## [What needs to be done]
Below are some records; quote exactly the lines from the one that contains "Négociation collective et" through the one that contains "3. compréhension et", inclusive, and no others.

## [Input]
+---+
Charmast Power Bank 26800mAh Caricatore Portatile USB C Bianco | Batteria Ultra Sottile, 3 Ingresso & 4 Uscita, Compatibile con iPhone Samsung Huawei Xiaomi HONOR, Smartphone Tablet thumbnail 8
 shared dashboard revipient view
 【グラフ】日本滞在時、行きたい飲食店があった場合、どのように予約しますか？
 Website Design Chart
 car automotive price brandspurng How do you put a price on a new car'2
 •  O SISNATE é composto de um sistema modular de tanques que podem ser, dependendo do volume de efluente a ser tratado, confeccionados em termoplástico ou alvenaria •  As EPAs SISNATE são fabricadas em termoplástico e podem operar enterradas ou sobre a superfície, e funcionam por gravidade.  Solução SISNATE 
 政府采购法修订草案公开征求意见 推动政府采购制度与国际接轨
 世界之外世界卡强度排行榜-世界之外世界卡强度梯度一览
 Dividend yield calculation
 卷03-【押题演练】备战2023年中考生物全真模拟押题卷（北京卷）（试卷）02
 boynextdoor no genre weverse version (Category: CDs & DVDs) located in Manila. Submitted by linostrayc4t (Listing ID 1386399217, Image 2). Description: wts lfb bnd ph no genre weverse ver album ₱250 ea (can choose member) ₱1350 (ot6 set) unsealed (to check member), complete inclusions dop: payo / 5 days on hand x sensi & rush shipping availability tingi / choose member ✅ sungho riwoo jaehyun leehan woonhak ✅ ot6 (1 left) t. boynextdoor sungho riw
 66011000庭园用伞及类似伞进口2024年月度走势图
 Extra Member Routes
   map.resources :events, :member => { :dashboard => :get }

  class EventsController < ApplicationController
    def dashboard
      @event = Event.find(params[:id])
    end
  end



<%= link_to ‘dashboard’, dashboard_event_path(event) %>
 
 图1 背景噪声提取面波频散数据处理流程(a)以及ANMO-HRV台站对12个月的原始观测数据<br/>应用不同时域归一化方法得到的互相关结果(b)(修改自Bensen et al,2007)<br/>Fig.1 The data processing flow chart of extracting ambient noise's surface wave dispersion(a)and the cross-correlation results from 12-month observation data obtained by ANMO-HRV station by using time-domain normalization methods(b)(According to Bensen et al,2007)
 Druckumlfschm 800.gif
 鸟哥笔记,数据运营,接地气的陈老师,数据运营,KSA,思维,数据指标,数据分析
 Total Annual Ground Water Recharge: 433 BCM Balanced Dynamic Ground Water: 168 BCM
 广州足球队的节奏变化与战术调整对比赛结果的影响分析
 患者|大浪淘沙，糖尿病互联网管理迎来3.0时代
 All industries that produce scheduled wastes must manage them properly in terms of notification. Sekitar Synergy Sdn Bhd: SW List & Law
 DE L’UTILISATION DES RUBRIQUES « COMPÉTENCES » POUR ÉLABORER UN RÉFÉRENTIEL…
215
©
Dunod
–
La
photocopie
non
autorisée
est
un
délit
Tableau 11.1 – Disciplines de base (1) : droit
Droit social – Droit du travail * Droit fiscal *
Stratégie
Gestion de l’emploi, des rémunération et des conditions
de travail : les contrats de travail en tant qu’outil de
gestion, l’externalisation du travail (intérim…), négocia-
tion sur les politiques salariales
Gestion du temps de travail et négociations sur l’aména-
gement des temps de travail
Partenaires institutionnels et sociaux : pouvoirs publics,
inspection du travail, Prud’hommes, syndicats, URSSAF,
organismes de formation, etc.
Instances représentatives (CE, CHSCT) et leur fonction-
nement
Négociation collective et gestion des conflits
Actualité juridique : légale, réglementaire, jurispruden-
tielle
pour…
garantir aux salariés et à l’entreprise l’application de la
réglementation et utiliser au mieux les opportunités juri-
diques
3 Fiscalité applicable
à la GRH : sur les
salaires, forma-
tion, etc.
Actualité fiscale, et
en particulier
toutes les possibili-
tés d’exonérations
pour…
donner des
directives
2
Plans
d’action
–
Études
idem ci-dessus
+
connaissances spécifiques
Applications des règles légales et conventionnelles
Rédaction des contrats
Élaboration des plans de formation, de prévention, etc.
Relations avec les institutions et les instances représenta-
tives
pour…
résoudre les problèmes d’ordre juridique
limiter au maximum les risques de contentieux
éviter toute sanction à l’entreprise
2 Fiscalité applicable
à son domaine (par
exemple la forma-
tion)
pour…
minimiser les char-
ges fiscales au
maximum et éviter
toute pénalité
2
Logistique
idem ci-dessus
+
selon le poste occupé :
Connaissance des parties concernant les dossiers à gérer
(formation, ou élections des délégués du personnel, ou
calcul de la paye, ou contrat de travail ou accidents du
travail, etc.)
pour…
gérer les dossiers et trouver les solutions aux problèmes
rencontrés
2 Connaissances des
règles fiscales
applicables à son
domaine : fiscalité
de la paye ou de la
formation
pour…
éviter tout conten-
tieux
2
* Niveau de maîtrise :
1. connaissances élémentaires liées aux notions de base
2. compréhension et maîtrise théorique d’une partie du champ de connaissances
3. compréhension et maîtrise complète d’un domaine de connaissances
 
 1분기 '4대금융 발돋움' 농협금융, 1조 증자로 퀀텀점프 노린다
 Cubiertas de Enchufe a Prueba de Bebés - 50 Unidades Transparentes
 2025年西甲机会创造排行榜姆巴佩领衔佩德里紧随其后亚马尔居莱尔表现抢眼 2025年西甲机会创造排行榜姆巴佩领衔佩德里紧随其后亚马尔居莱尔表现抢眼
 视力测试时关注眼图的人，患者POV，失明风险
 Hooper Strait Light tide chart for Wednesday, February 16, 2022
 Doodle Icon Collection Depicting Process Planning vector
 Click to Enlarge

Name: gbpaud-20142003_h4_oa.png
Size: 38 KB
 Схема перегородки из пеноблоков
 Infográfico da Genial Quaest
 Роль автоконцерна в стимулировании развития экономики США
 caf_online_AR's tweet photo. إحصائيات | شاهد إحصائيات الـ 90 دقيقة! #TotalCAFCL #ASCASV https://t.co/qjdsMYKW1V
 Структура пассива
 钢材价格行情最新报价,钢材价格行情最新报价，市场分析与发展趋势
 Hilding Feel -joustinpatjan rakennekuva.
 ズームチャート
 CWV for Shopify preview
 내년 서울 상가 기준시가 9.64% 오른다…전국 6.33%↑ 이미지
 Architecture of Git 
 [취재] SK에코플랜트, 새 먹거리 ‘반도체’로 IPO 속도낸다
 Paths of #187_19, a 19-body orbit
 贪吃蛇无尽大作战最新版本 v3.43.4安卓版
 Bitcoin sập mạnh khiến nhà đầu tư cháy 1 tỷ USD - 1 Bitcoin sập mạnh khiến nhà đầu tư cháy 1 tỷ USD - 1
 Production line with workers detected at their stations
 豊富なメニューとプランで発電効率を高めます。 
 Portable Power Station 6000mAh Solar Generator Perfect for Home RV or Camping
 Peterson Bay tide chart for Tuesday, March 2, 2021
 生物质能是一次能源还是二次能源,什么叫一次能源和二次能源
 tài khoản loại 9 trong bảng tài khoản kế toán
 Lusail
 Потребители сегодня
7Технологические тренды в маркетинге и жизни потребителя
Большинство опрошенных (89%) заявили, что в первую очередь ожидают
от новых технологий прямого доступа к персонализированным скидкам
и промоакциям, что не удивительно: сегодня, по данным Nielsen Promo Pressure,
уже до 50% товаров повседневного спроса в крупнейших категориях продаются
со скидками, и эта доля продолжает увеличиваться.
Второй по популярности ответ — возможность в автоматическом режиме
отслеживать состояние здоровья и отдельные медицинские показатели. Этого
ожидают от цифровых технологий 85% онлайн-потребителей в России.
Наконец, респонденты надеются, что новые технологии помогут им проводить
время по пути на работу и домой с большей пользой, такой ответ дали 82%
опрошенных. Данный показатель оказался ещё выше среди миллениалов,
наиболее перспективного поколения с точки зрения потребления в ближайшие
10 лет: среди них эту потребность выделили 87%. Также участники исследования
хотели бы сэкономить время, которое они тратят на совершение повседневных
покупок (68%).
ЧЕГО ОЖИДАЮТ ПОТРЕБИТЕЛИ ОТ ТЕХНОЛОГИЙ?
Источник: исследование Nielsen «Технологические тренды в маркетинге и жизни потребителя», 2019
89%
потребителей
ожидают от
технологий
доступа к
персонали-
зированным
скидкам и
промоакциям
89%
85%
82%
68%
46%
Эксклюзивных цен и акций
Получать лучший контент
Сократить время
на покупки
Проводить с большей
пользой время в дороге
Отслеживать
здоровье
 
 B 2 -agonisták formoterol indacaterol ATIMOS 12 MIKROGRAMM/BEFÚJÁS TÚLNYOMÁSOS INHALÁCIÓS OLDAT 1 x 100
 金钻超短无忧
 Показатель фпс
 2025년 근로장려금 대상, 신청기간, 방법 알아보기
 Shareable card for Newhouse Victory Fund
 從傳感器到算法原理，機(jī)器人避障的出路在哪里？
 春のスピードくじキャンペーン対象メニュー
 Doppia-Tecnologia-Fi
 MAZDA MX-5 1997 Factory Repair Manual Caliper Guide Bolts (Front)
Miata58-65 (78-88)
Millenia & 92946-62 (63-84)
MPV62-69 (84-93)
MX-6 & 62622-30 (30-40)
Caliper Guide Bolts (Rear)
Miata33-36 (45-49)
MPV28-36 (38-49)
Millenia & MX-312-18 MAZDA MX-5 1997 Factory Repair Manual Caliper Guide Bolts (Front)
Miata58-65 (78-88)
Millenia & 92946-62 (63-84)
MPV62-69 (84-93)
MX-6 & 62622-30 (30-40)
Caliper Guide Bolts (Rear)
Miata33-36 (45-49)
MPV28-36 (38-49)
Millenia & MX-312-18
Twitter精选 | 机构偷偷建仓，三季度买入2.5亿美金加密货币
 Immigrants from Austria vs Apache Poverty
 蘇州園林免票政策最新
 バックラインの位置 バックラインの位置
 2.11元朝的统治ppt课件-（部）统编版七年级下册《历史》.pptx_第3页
+---+
## [Output below]
Négociation collective et gestion des conflits
Actualité juridique : légale, réglementaire, jurispruden-
tielle
pour…
garantir aux salariés et à l’entreprise l’application de la
réglementation et utiliser au mieux les opportunités juri-
diques
3 Fiscalité applicable
à la GRH : sur les
salaires, forma-
tion, etc.
Actualité fiscale, et
en particulier
toutes les possibili-
tés d’exonérations
pour…
donner des
directives
2
Plans
d’action
–
Études
idem ci-dessus
+
connaissances spécifiques
Applications des règles légales et conventionnelles
Rédaction des contrats
Élaboration des plans de formation, de prévention, etc.
Relations avec les institutions et les instances représenta-
tives
pour…
résoudre les problèmes d’ordre juridique
limiter au maximum les risques de contentieux
éviter toute sanction à l’entreprise
2 Fiscalité applicable
à son domaine (par
exemple la forma-
tion)
pour…
minimiser les char-
ges fiscales au
maximum et éviter
toute pénalité
2
Logistique
idem ci-dessus
+
selon le poste occupé :
Connaissance des parties concernant les dossiers à gérer
(formation, ou élections des délégués du personnel, ou
calcul de la paye, ou contrat de travail ou accidents du
travail, etc.)
pour…
gérer les dossiers et trouver les solutions aux problèmes
rencontrés
2 Connaissances des
règles fiscales
applicables à son
domaine : fiscalité
de la paye ou de la
formation
pour…
éviter tout conten-
tieux
2
* Niveau de maîtrise :
1. connaissances élémentaires liées aux notions de base
2. compréhension et maîtrise théorique d’une partie du champ de connaissances
3. compréhension et maîtrise complète d’un domaine de connaissances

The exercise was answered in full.